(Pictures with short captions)

################

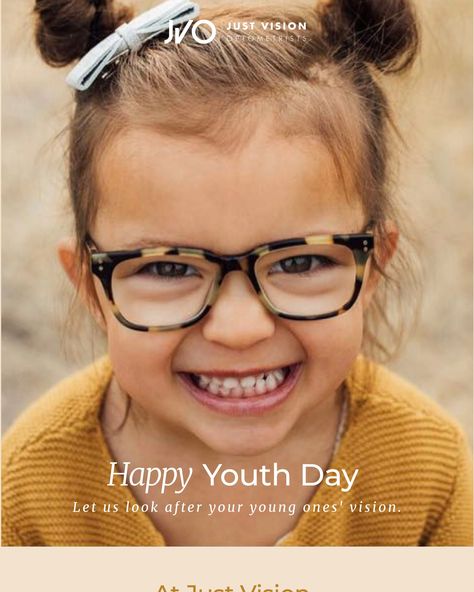 At Just Vision, every client is important - even the littlest ones. Why not get your kids' eyes checked this month? Contact us for more information or to book your appointment! Cell or WhatsApp: 062 722 7676 (George Tel: 051 101 0762 www.justvision.co.za #eyewearstyle #glasses #ottica #instagood #sunglass #justvision #sunglasses #cool #optical #occhialidavista #sunglassesfashion #optica #eyeweardesign #eyes #like #optik #fashion #eyewearfashion #moda #shades #eyewear #YouthDay Kids Glasses Girls, Girls Glasses Frames, Baby Glasses, Glasses Frames Trendy, Girl With Glasses, Girl Hair Dos, Hairstyles With Glasses, Cute Sunglasses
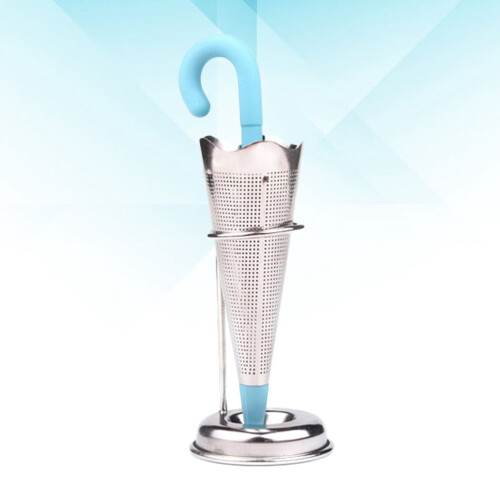 Diffuseur de thé en acier inoxydable avec bac égouttoir (1 pièce) 1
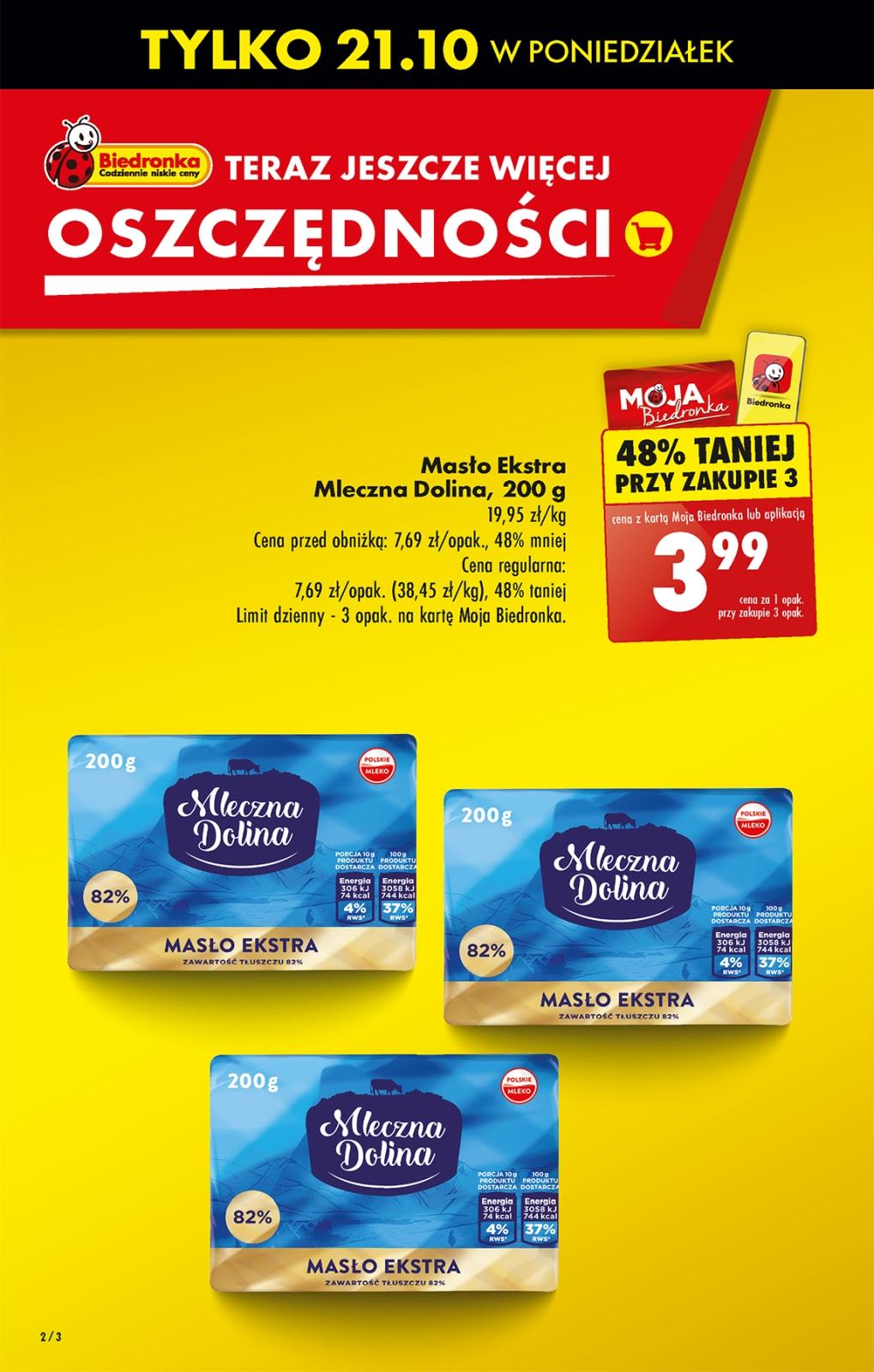 Gazetka promocyjna Biedronka str. 2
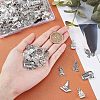 SUPERFINDINGS 150Pcs 15 Style Tibetan Style Alloy Pendants for Teachers' Day TIBE-FH0001-14-4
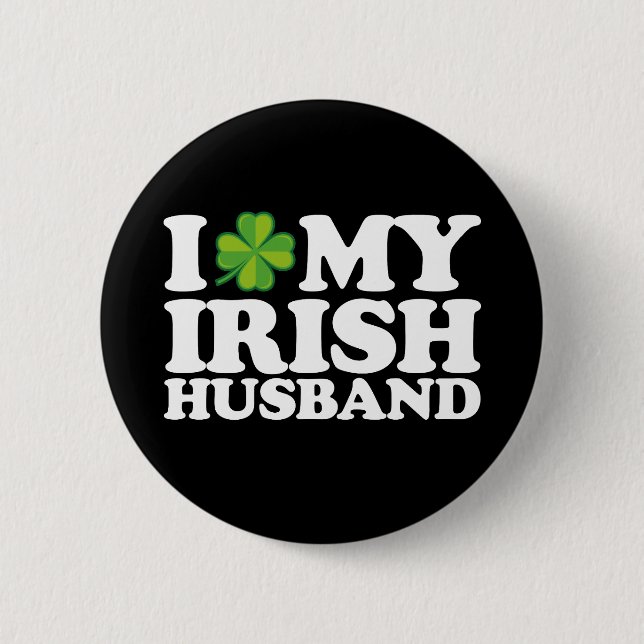 Jag älskar min irländska make par St Patrick's Day Knapp (Framsida)
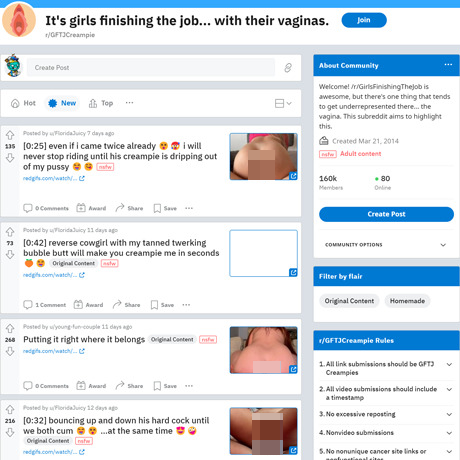 GFTJCreampie – A Raw Creampie Subreddit for Cum-Loving Enthusiasts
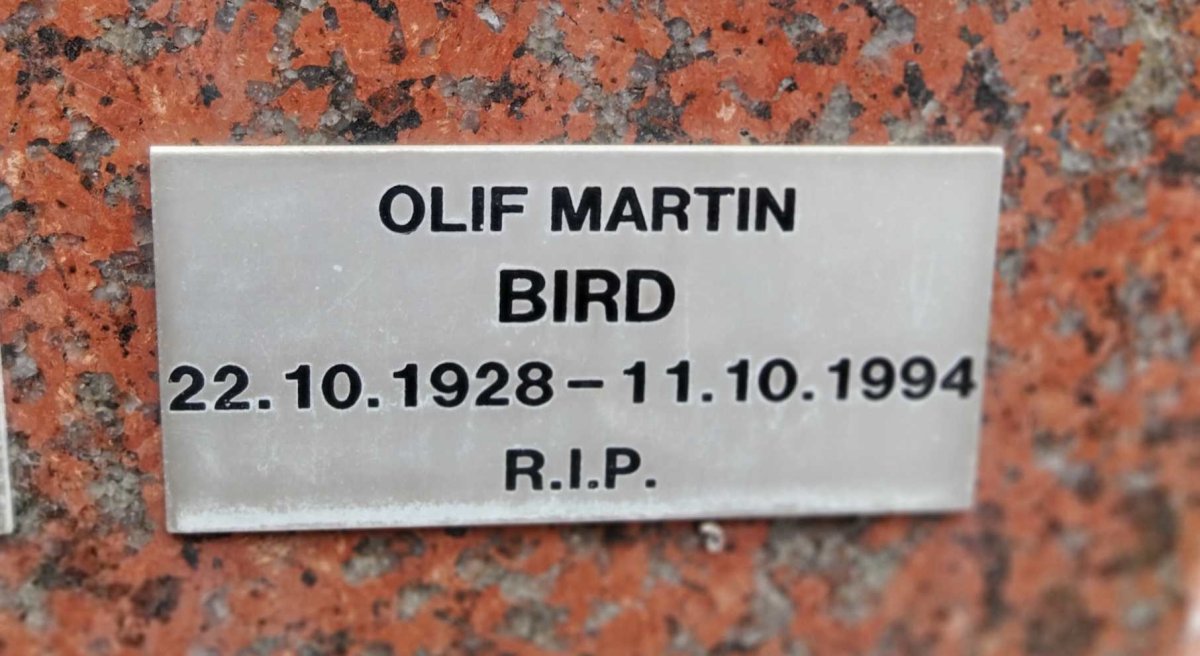 BIRD Olif Martin 1928-1994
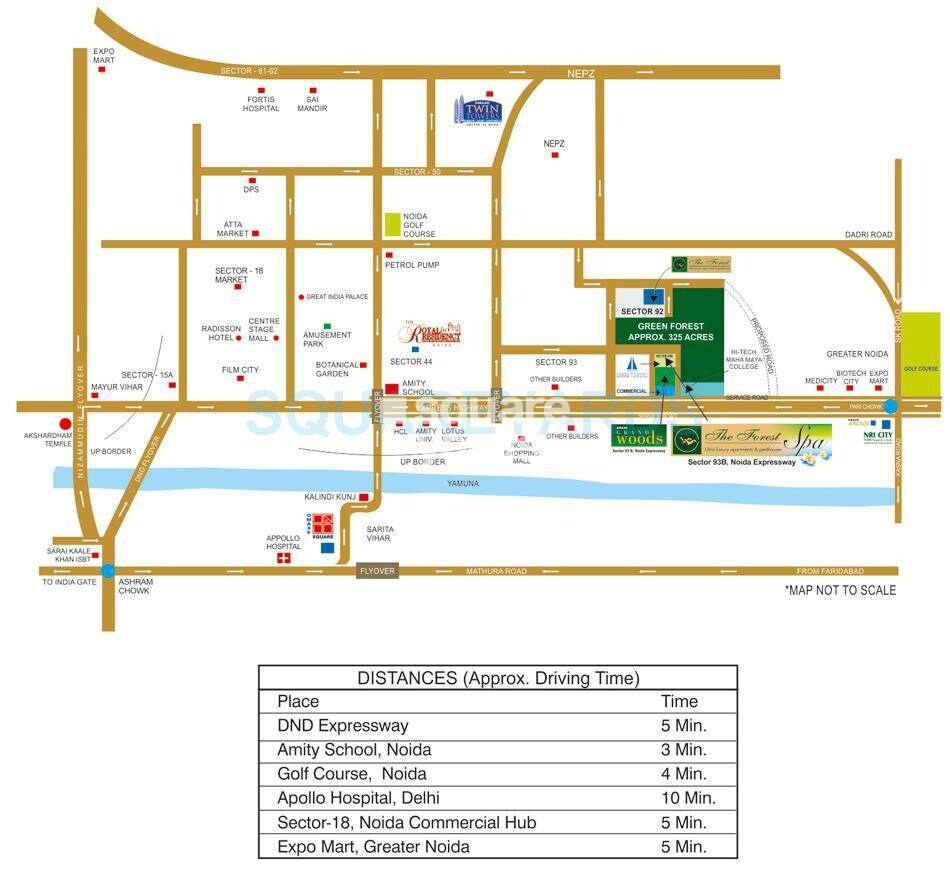 Omaxe Forest Spa Location Image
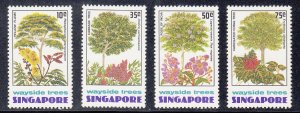 Singapore Scott #243-246 MNH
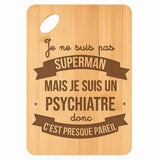 Planche bambou gravée personnalisée homme idée cadeau Fête des Pères apéro 30×20 prénom cuisine plateau fromage anniversaire noel papa papi 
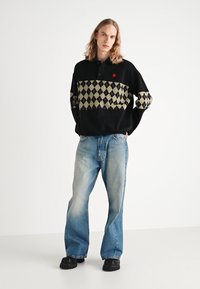 Weekday ANDRE BLOCK - Sportska majica - black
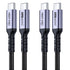 240W USB C Cable 3ft 2 Packs, USB 4 Fast Charging, 40Gbps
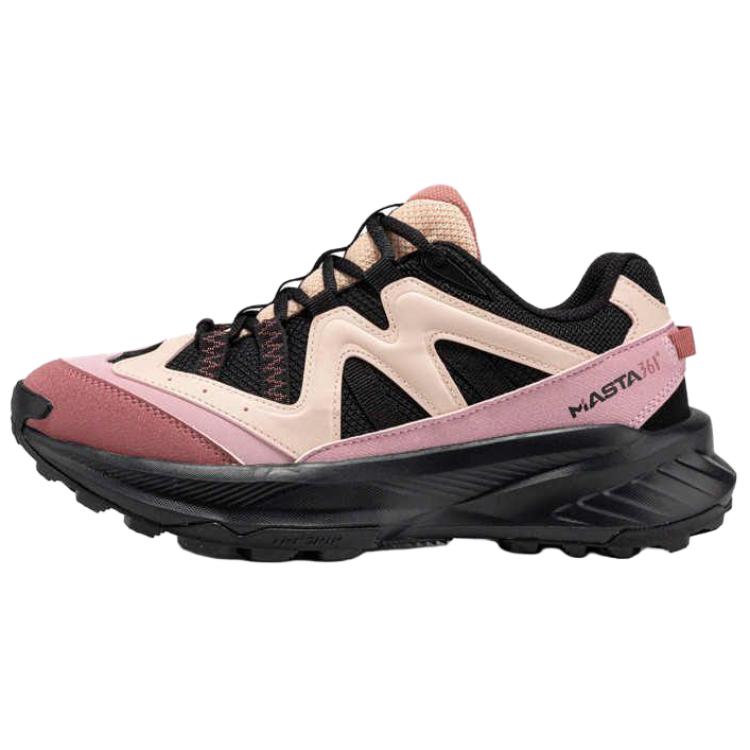 361° Cushioning Slip Resistant Breathable Low top Hiking Shoes Women’s Obsidian Black Extraordinary Pink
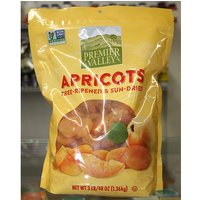 Premier Valley Apricots, Tree-Ripened & Sun-Dried, 3 lb (48 oz)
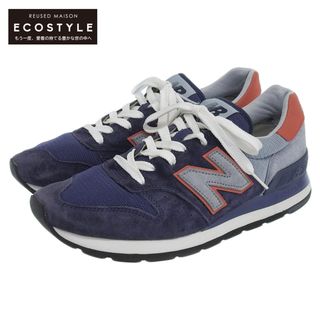 ニューバランス(New Balance)のニューバランス New Balance ニューバランス 復刻 30年アニバーサリーイヤー USA製 スニーカー シューズ メンズ ネイビー×グレー×レッド 27.0cm M995CJA 9(US)(その他)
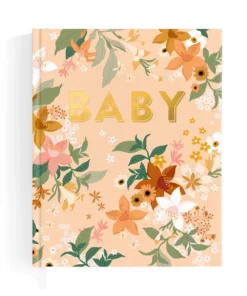 Fox + Fallow Floral Baby Memory Book Books + Puzzles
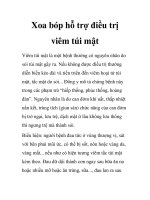 Xoa bóp hỗ trợ điều trị viêm túi mật pps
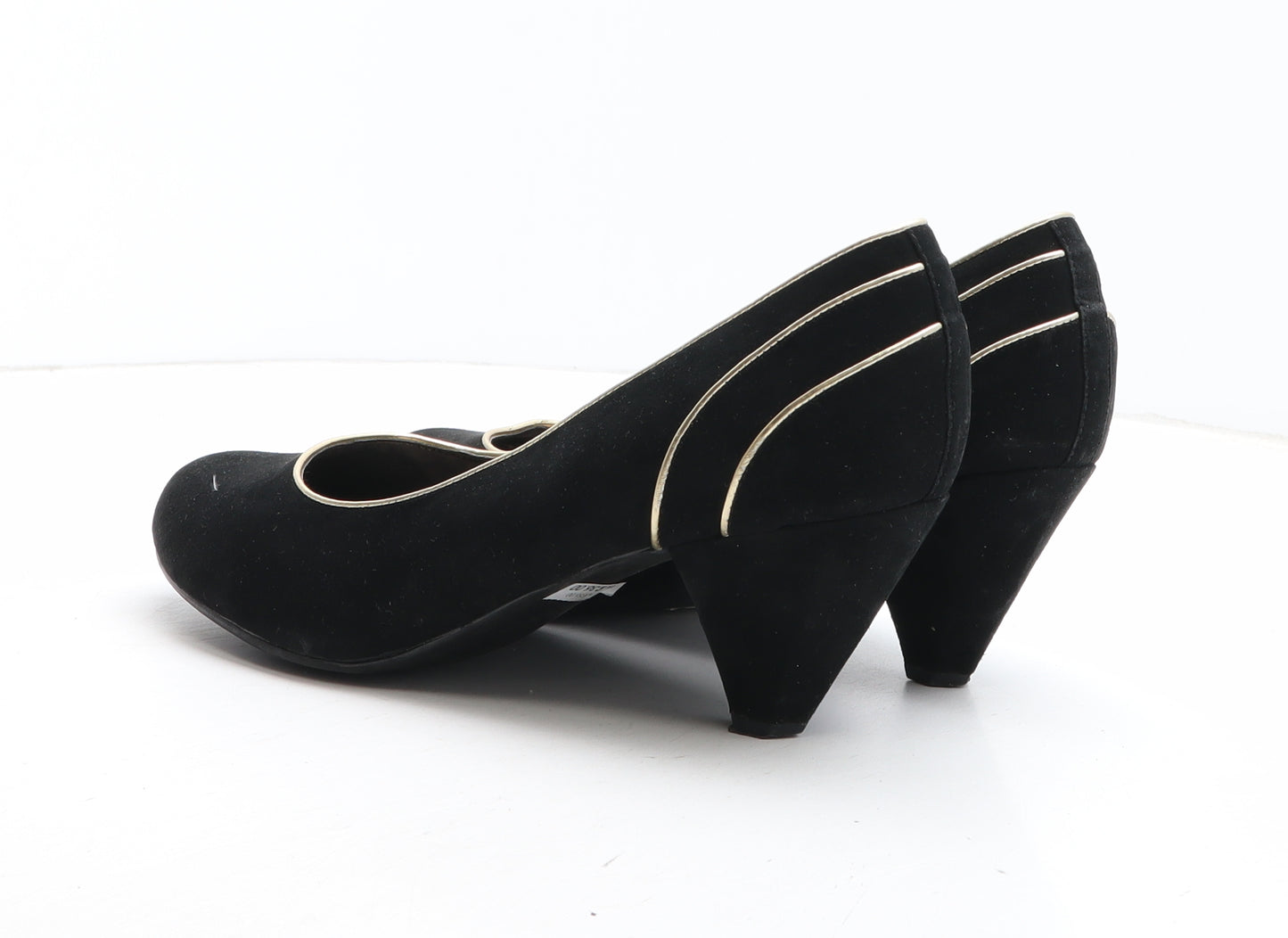 Evans Womens Black Synthetic Court Heel UK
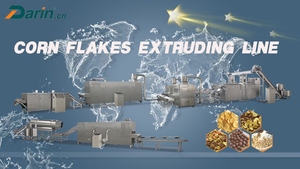 Dây Chuyền Sản Xuất Mảnh Ngô Kellogg Máy Đùn Trục Vít Đôi Tự Động Cho Mảnh Ngô - Product Image 3
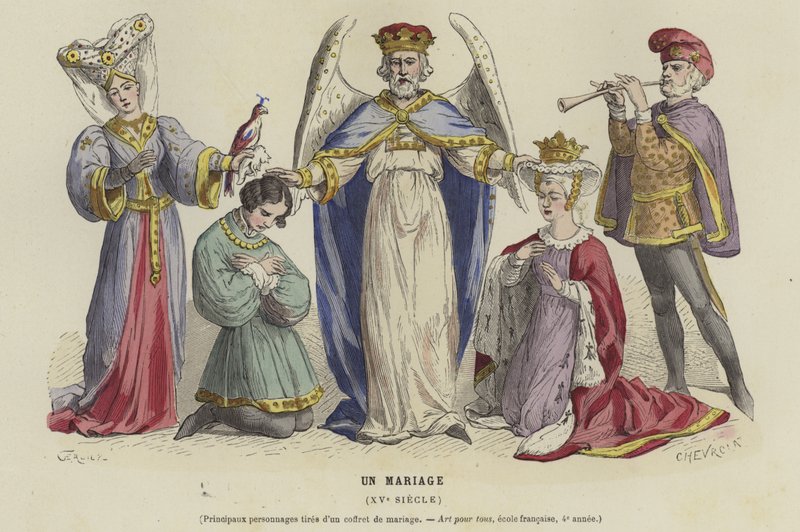 A Wedding, 15th Century by French School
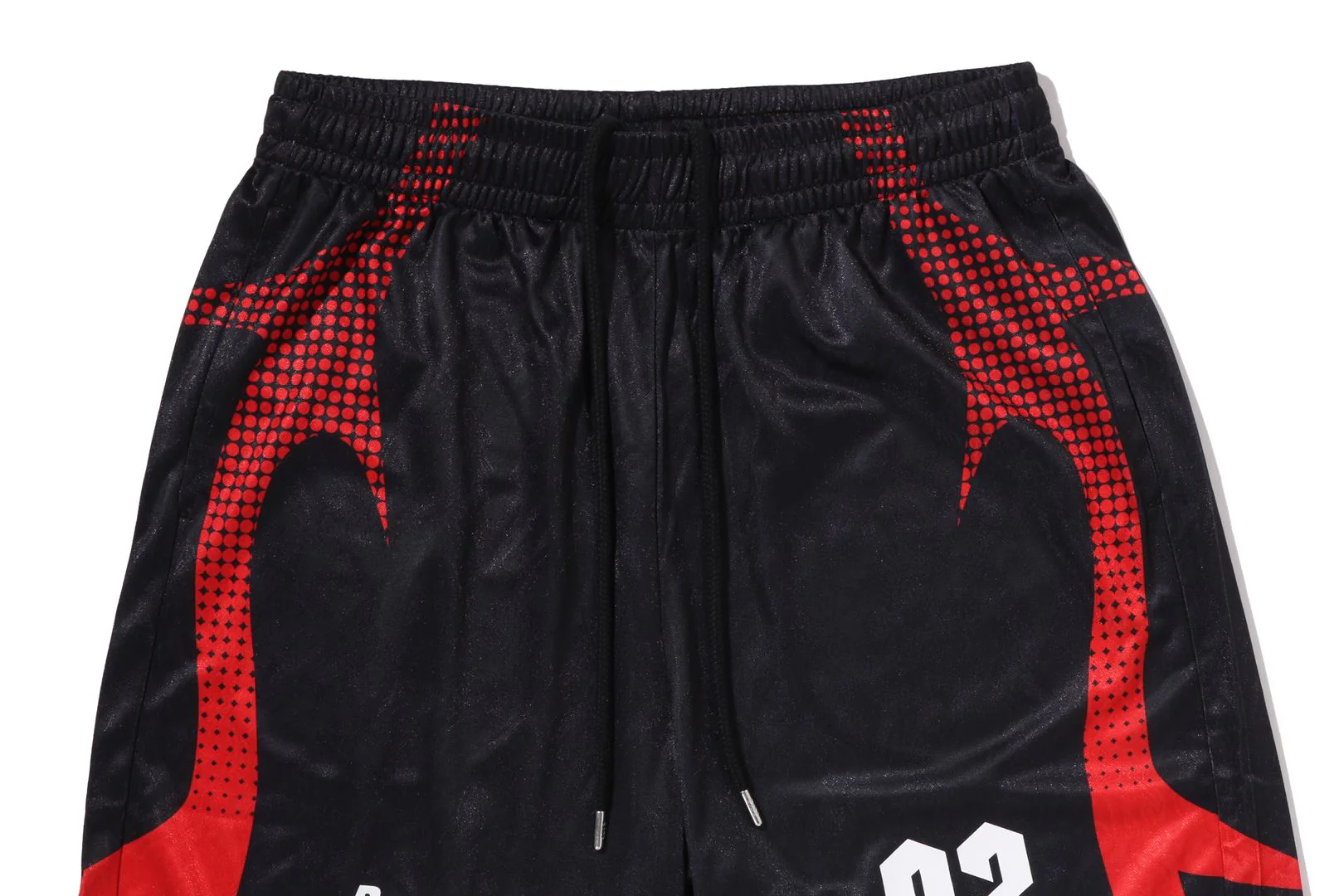APE FLAME MONOGRAM JACQUARD RELAXED FIT FOOTBALL SHORTS - Image 3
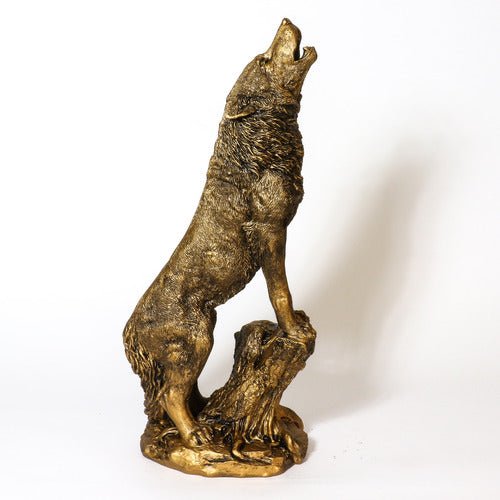 Lifesize Wolf Howling Outdoor/Indoor Statue - Bella Statues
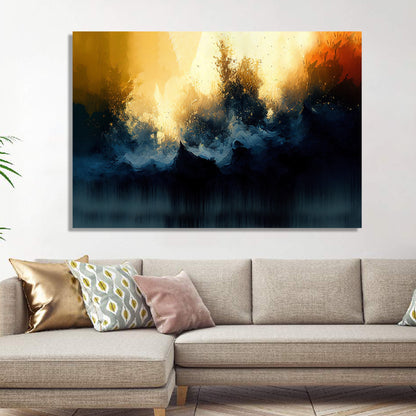 Abstract Art Canvas Painting for Living Room Bedroom Wall Decor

################

=== Task instructions ===
If a picture appears among the records, leave it out, and otherwise reproduce exactly every line from the first line through the one with "Planche bambou gravée", both included.

=== Exercise solution ===
 At Just Vision, every client is important - even the littlest ones. Why not get your kids' eyes checked this month? Contact us for more information or to book your appointment! Cell or WhatsApp: 062 722 7676 (George Tel: 051 101 0762 www.justvision.co.za #eyewearstyle #glasses #ottica #instagood #sunglass #justvision #sunglasses #cool #optical #occhialidavista #sunglassesfashion #optica #eyeweardesign #eyes #like #optik #fashion #eyewearfashion #moda #shades #eyewear #YouthDay Kids Glasses Girls, Girls Glasses Frames, Baby Glasses, Glasses Frames Trendy, Girl With Glasses, Girl Hair Dos, Hairstyles With Glasses, Cute Sunglasses
 Diffuseur de thé en acier inoxydable avec bac égouttoir (1 pièce) 1
 Gazetka promocyjna Biedronka str. 2
 SUPERFINDINGS 150Pcs 15 Style Tibetan Style Alloy Pendants for Teachers' Day TIBE-FH0001-14-4
 Jag älskar min irländska make par St Patrick's Day Knapp (Framsida)
 GFTJCreampie – A Raw Creampie Subreddit for Cum-Loving Enthusiasts
 BIRD Olif Martin 1928-1994
 Omaxe Forest Spa Location Image
 Singapore Scott #243-246 MNH
 Planche bambou gravée personnalisée homme idée cadeau Fête des Pères apéro 30×20 prénom cuisine plateau fromage anniversaire noel papa papi 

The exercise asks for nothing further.